Department of Computer Science, Barcelona Supercomputing Center (BSC), 08034, Barcelona, Spain.
Department of Life Science, Barcelona Supercomputing Center (BSC), 08034, Barcelona, Spain.
Sci Rep. 2022 Feb 28;12(1):3244. doi: 10.1038/s41598-022-07211-6.
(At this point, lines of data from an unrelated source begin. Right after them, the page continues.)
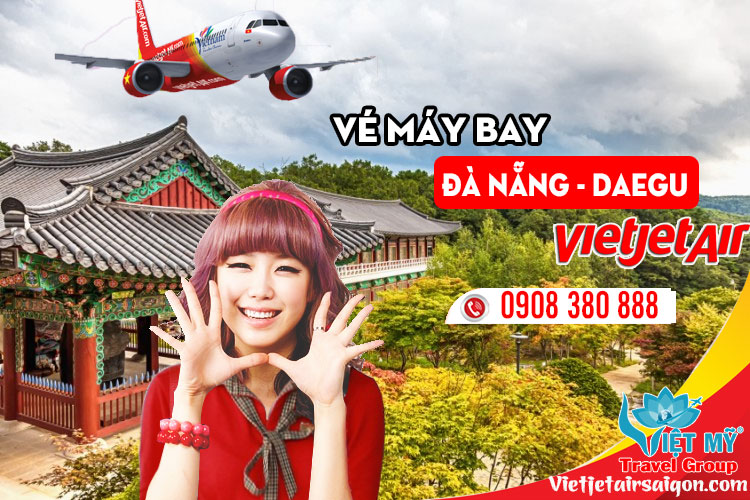 Bạn cần mua vé máy bay Đà Nẵng đi Daegu hãng Vietjet?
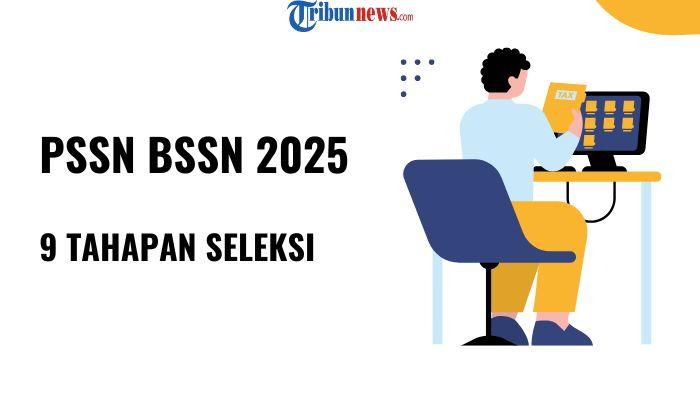 9 Tahapan Seleksi PSSN 2025: Tes Administrasi, Fisik, hingga Wawancara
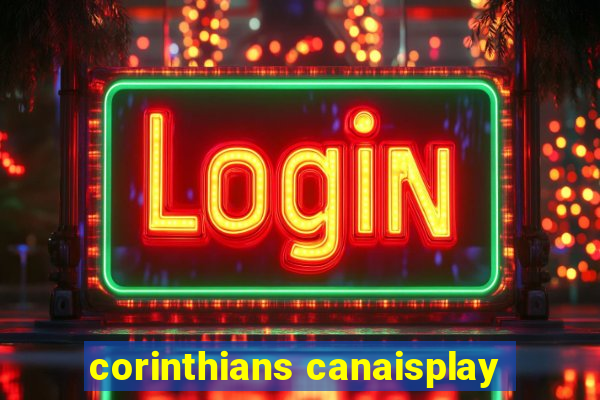 corinthians canaisplay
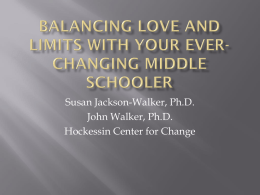 Susan Jackson-Walker, Ph.D. John Walker, Ph.D. Hockessin Center for Change            Can lose touch with who we were and what it was like (often we.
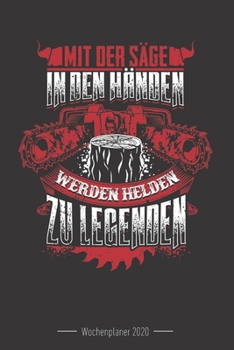 Wochenkalender 2020 - f�r Holzf�ller, Waldarbeiter und F�rster: 120 Seiten Wochenkalender Kalender 2020 F�r Holzf�ller, Waldarbeiter, F�rster Und Holzliebhaber - Geschenk Motors�ge Holz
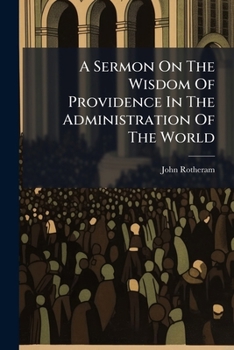A Sermon On The Wisdom Of Providence In The Administration Of The World: Preached Before The University Of Oxford, On The Anniversary Of His Majesty's ... 1762, At St. Mary's. By John Rotheram, ...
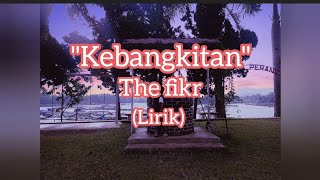 Download lagu 'Kebangkitan' the fikr (lirik) mp3 Download lagu 'Kebangkitan' the fikr (lirik) mp3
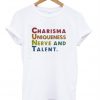 Charisma Uniqueness Nerve And Talent T-Shirt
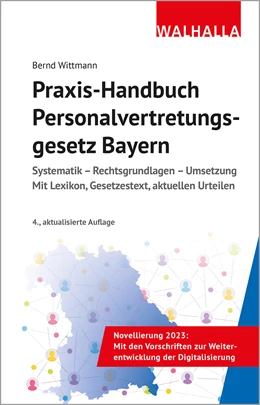 Abbildung von Wittmann | Praxis-Handbuch Personalvertretungsgesetz Bayern | 4. Auflage | 2023 | beck-shop.de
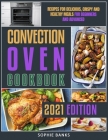 Convection Oven Cookbook: Recipes for Delicious, Crispy and Healthy Meals for Beginners and Advanced By Sophie Banks Cover Image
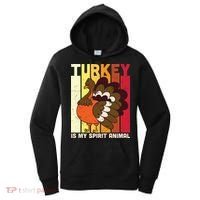 Thanksgiving Turkey Is My Spirit Animal Women's Hoodie thumb 0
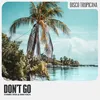 About Don't Go (Extended Mix) Song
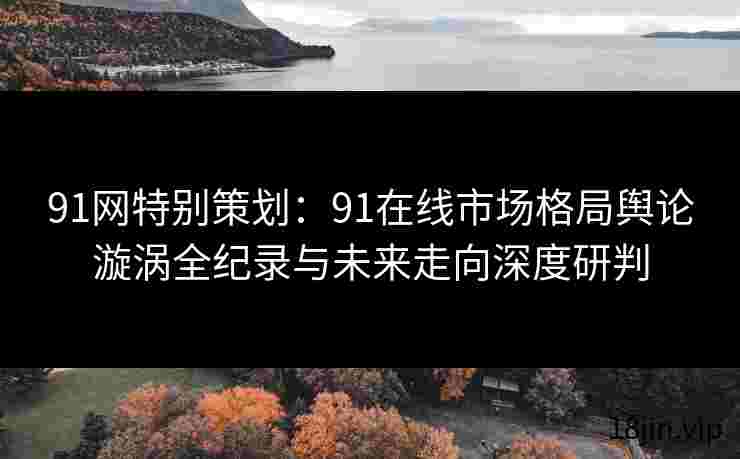 91网特别策划：91在线市场格局舆论漩涡全纪录与未来走向深度研判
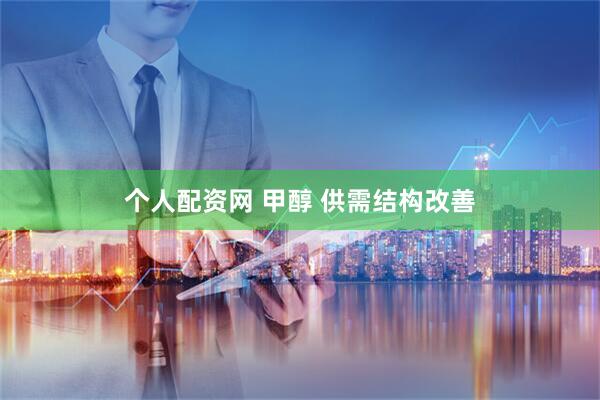 个人配资网 甲醇 供需结构改善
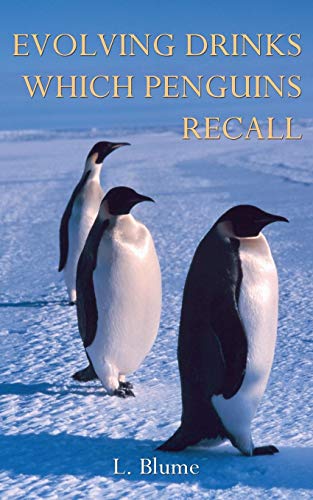 Evolving Drinks Which Penguins Recall [Paperback]
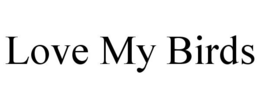 LOVE MY BIRDS trademark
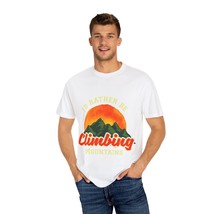 Unisex Comfort Colors Garment-Dyed T-Shirt, 'I'd Rather Be Climbing Mountains' G - $38.11+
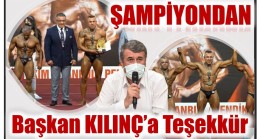 TÜRKİYE ŞAMPİYONUNDAN BAŞKAN KILINÇ’a TEŞEKKÜR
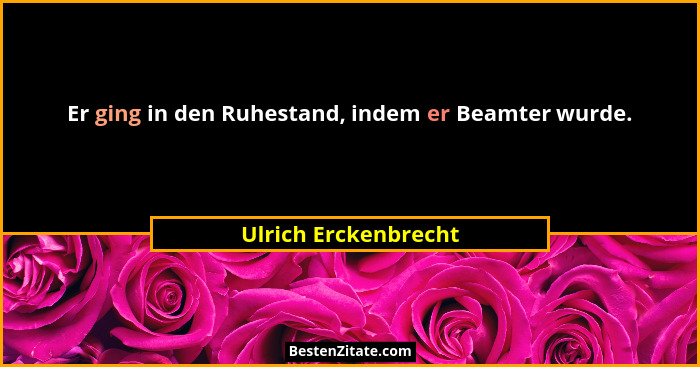 Er ging in den Ruhestand, indem er Beamter wurde.... - Ulrich Erckenbrecht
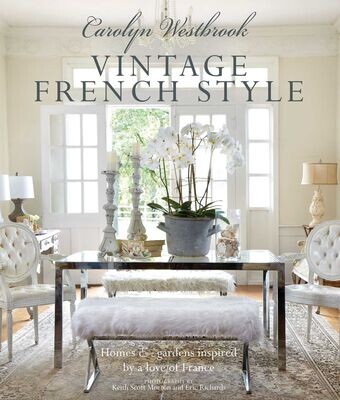 VINTAGE FRENCH STYLE BY CAROLYN WESTBROOK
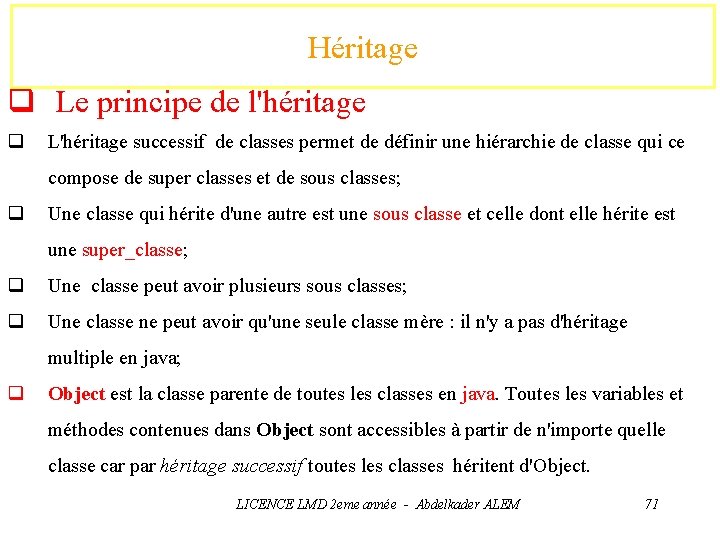 Héritage q Le principe de l'héritage q L'héritage successif de classes permet de définir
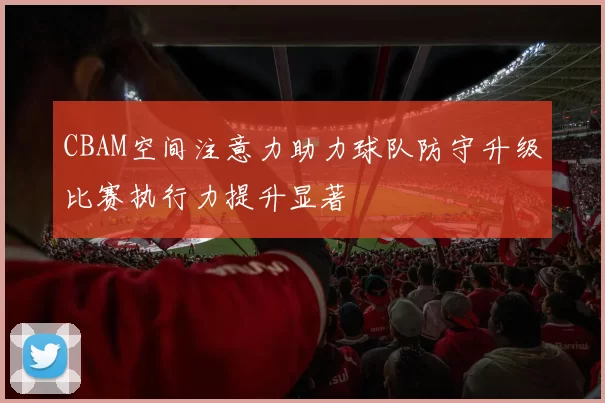 CBAM空间注意力助力球队防守升级比赛执行力提升显著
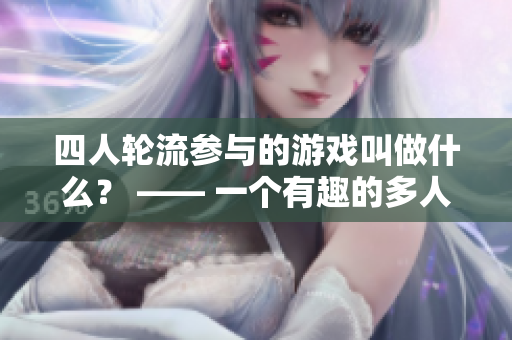 四人轮流参与的游戏叫做什么？ —— 一个有趣的多人交替游玩过程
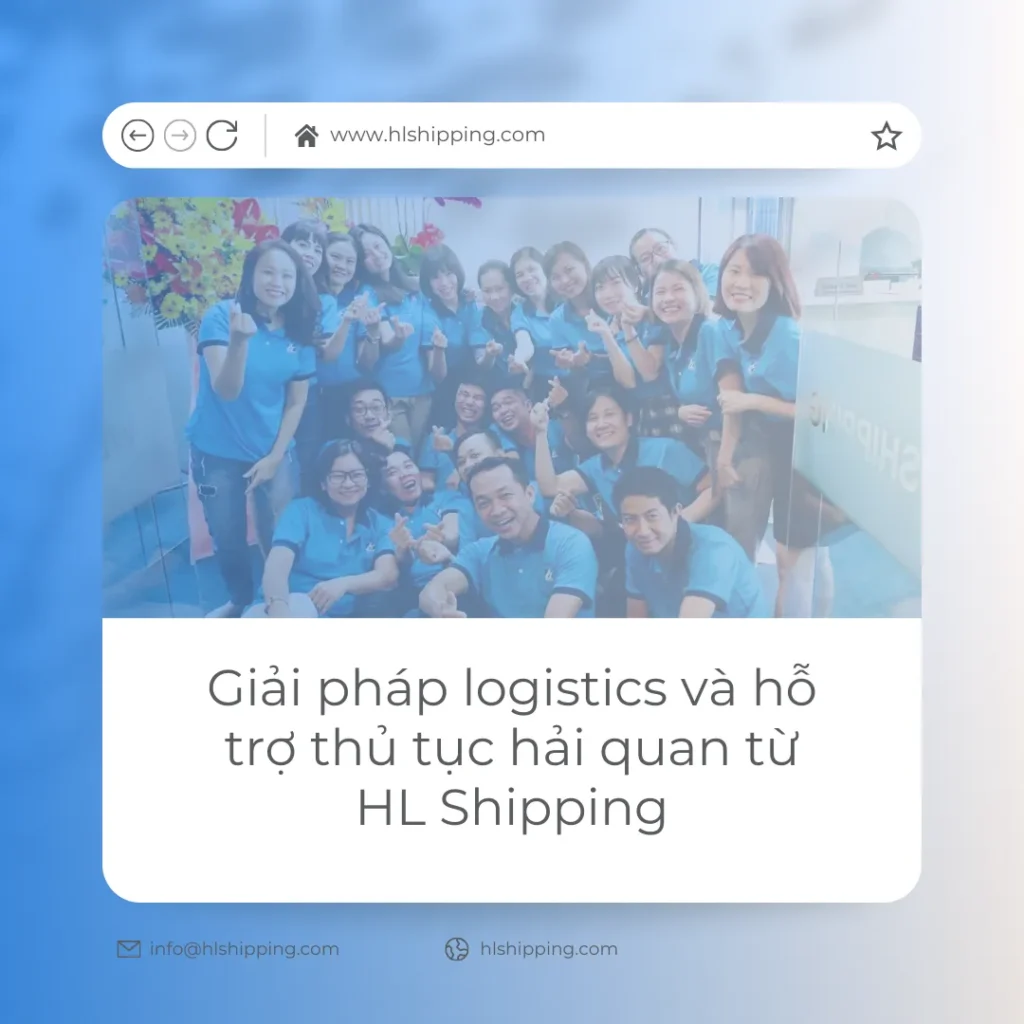 Giải pháp logistics và hỗ trợ thủ tục hải quan từ HL Shipping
For many years, a major question in cancer genomics has been the identification of those variations that can have a functional role in cancer, and distinguish from the majority of genomic changes that have no functional consequences. This is particularly challenging when considering complex chromosomal rearrangements, often composed of multiple DNA breaks, resulting in difficulties in classifying and interpreting them functionally. Despite recent efforts towards classifying structural variants (SVs), more robust statistical frames are needed to better classify these variants and isolate those that derive from specific molecular mechanisms. We present a new statistical approach to analyze SVs patterns from 2392 tumor samples from the Pan-Cancer Analysis of Whole Genomes (PCAWG) Consortium and identify significant recurrence, which can inform relevant mechanisms involved in the biology of tumors. The method is based on recursive KDE clustering of 152,926 SVs, randomization methods, graph mining techniques and statistical measures. The proposed methodology was able not only to identify complex patterns across different cancer types but also to prove them as not random occurrences. Furthermore, a new class of pattern that was not previously described has been identified.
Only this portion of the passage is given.